• [Your goal] Skip every image and restate the data word for word.

• [Data shown]

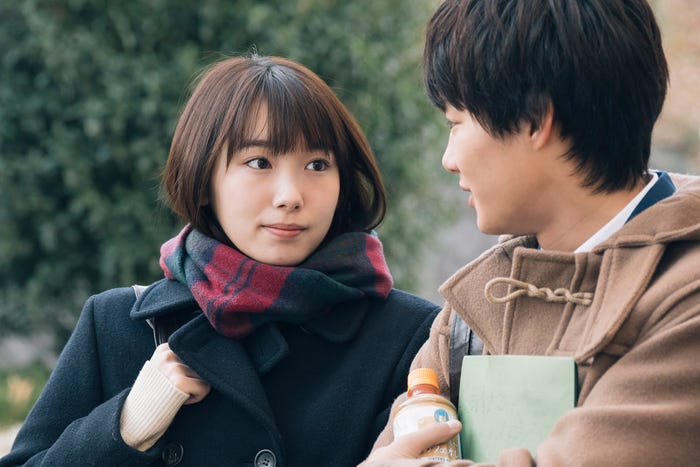 飯豊まりえ、野村周平/「電影少女」第9話より(C)「電影少女2018」製作委員会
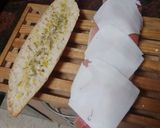 Foto del paso 2 de la receta: Bocadillo de tomate, jamón serrano y queso de cabra
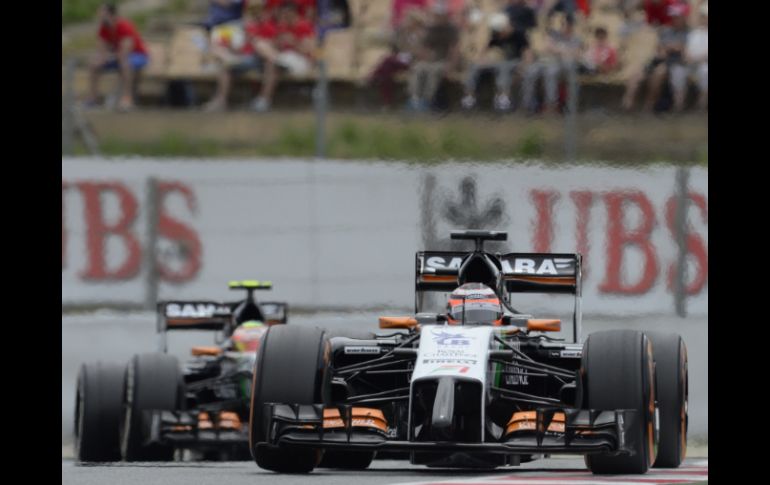 Los pilotos de Force India, Nico Hulkenberg y ''Checo'' Pérez, compiten en la última prueba del GP de España. AFP /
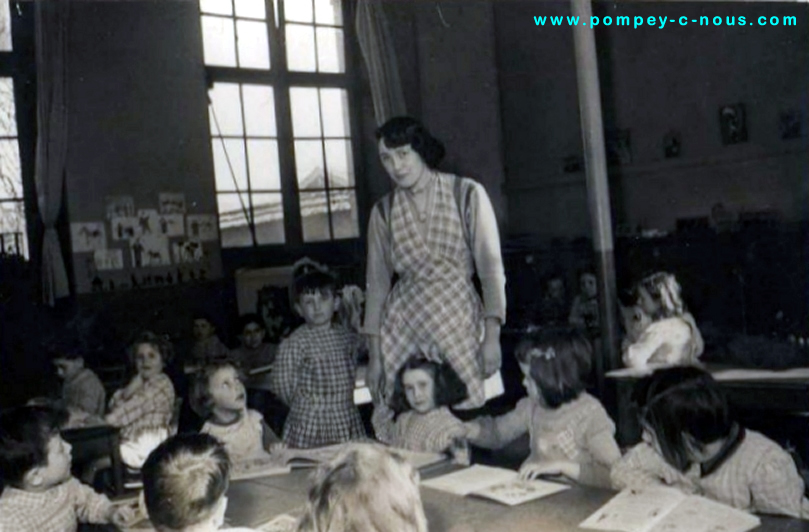 Classe maternelle du centre de Pompey en 1950 (Photographie n°132 ; dépôt de Bernadette MARQUANT)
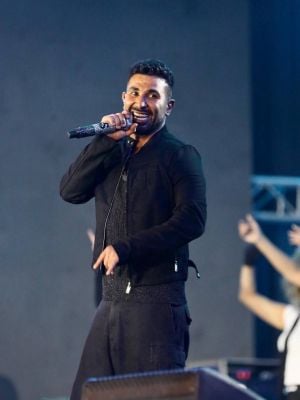 أحمد سعد بتعليق صادم على صورة من زفاف شيرين وحسام حبيب!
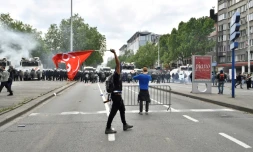 Un homme brandit un drapeau du parti socialiste belge lors d'une manifestation anti-austérité à Bruxelles le 24 mai 2016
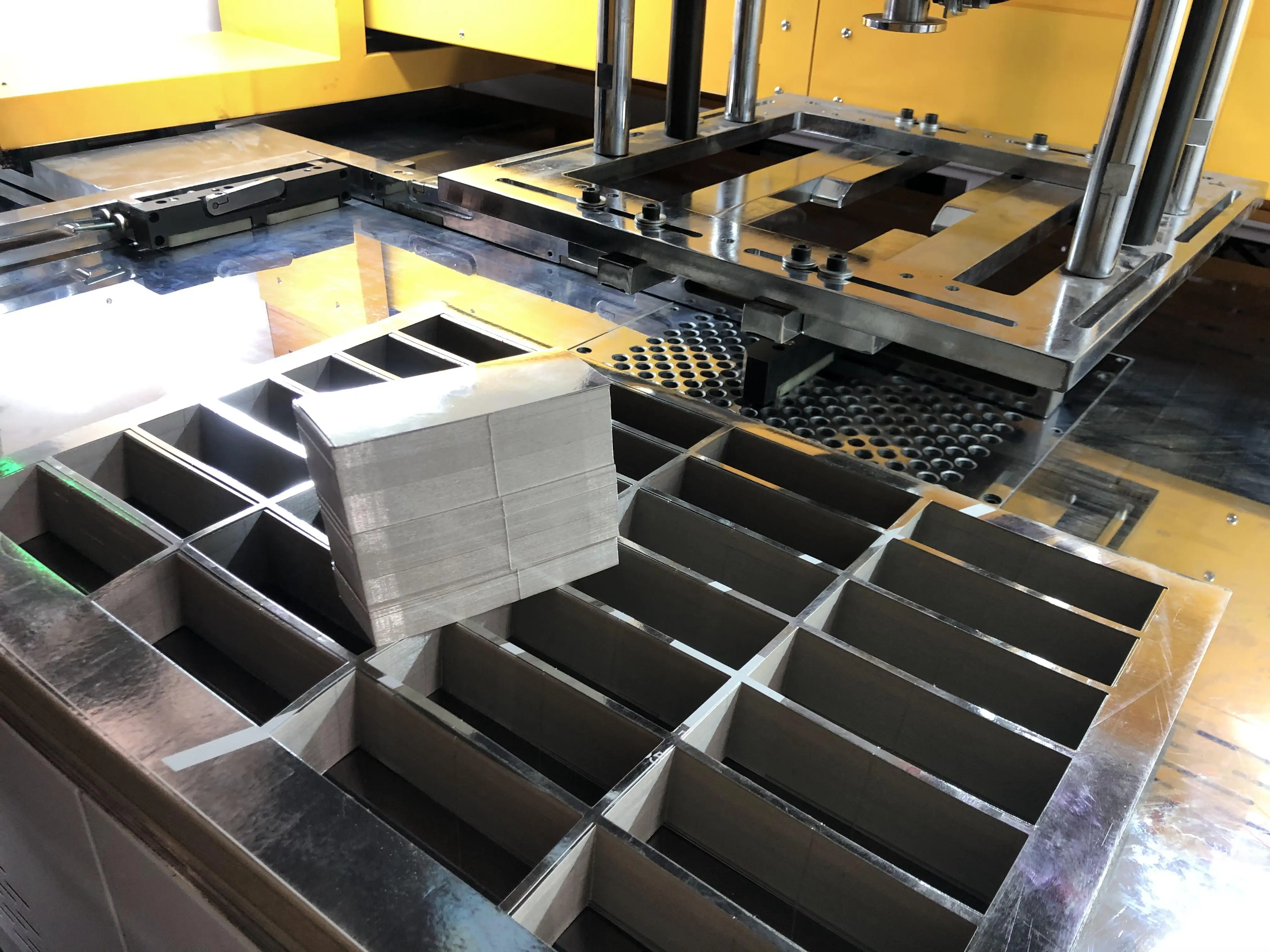 TM-920 آلة تقطيع القوالب التلقائي ورقة السجائر ورقة إزالة آلة تجريد النفايات آلة تقطيع #5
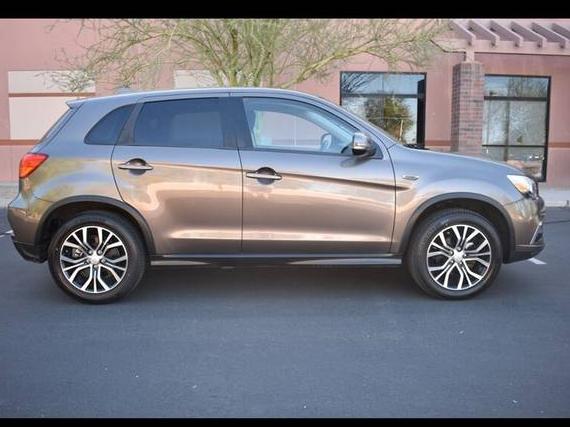 MITSUBISHI OUTLANDER SPORT 2019 JA4AP3AU5KU010662 image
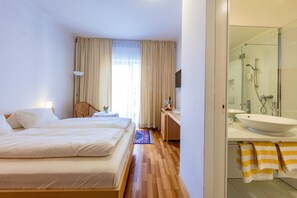 In-room safe, desk, free WiFi, bed sheets - Gasthof Klinglhuber (Krems an der Donau)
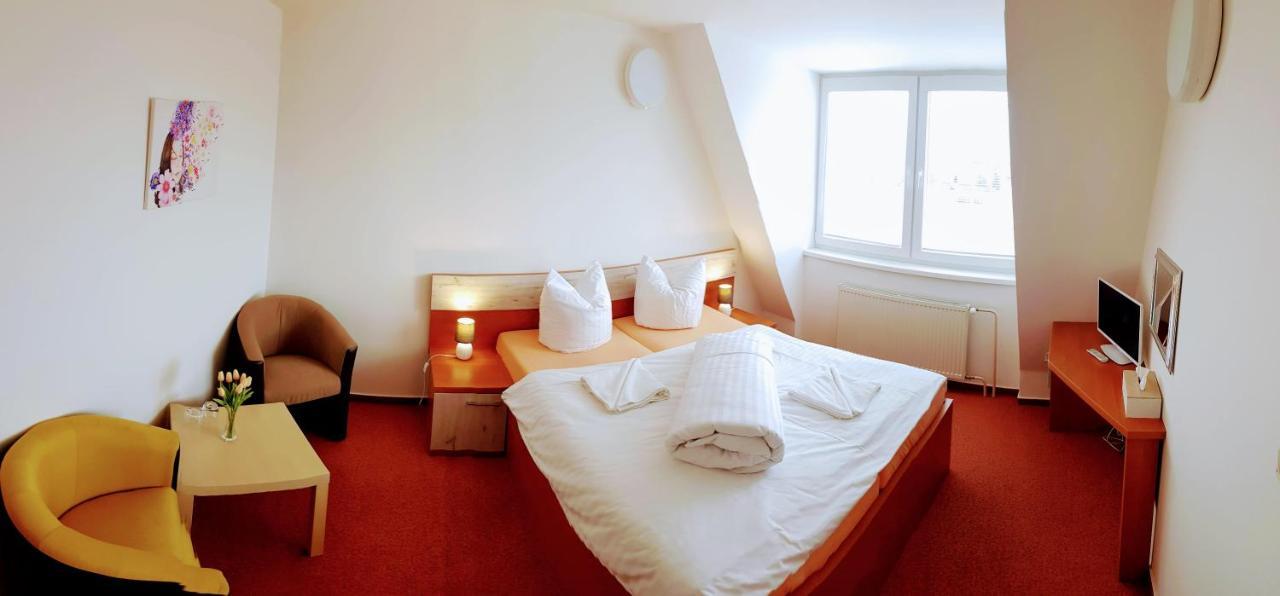 Agrohotel Tri Brezy Hrustin Zewnętrze zdjęcie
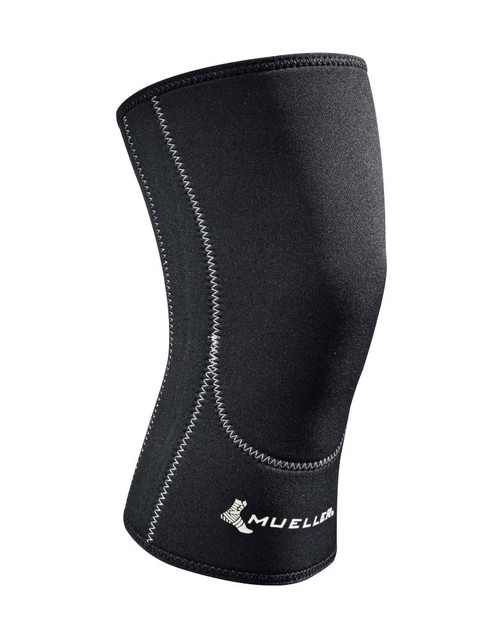 Mueller Closed Patella Knee Sleeve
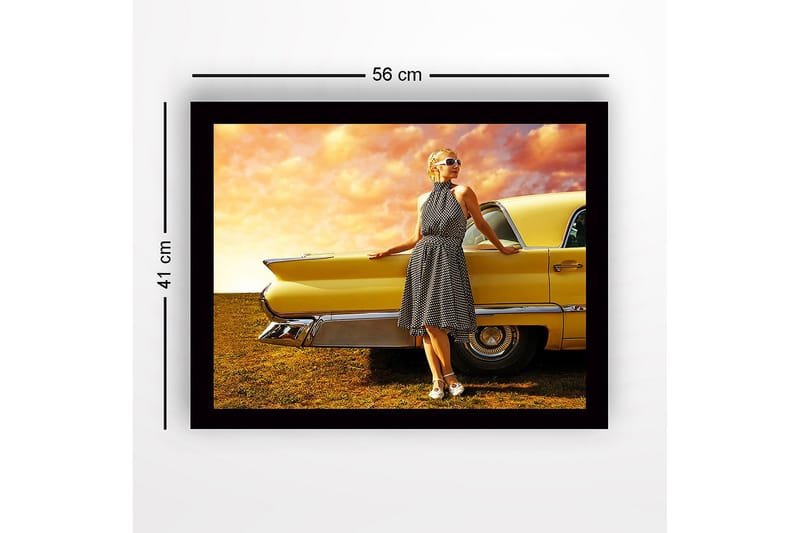 Kehystetty puinen canvas-taulu - 41x56 cm - Nainen pilkullisessa mekossa nojaa vanhaan autoon - Keltainen / Musta / Valkoinen - Sisustustuotteet - Taulu & taide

• [Written answer]
 飯豊まりえ、野村周平/「電影少女」第9話より(C)「電影少女2018」製作委員会
 Foto del paso 2 de la receta: Bocadillo de tomate, jamón serrano y queso de cabra
 Los pilotos de Force India, Nico Hulkenberg y ''Checo'' Pérez, compiten en la última prueba del GP de España. AFP /
 Classe maternelle du centre de Pompey en 1950 (Photographie n°132 ; dépôt de Bernadette MARQUANT)
 أحمد سعد بتعليق صادم على صورة من زفاف شيرين وحسام حبيب!
 Un homme brandit un drapeau du parti socialiste belge lors d'une manifestation anti-austérité à Bruxelles le 24 mai 2016
 TM-920 آلة تقطيع القوالب التلقائي ورقة السجائر ورقة إزالة آلة تجريد النفايات آلة تقطيع #5
 MITSUBISHI OUTLANDER SPORT 2019 JA4AP3AU5KU010662 image
 In-room safe, desk, free WiFi, bed sheets - Gasthof Klinglhuber (Krems an der Donau)
 Agrohotel Tri Brezy Hrustin Zewnętrze zdjęcie
 Mueller Closed Patella Knee Sleeve
 Kehystetty puinen canvas-taulu - 41x56 cm - Nainen pilkullisessa mekossa nojaa vanhaan autoon - Keltainen / Musta / Valkoinen - Sisustustuotteet - Taulu & taide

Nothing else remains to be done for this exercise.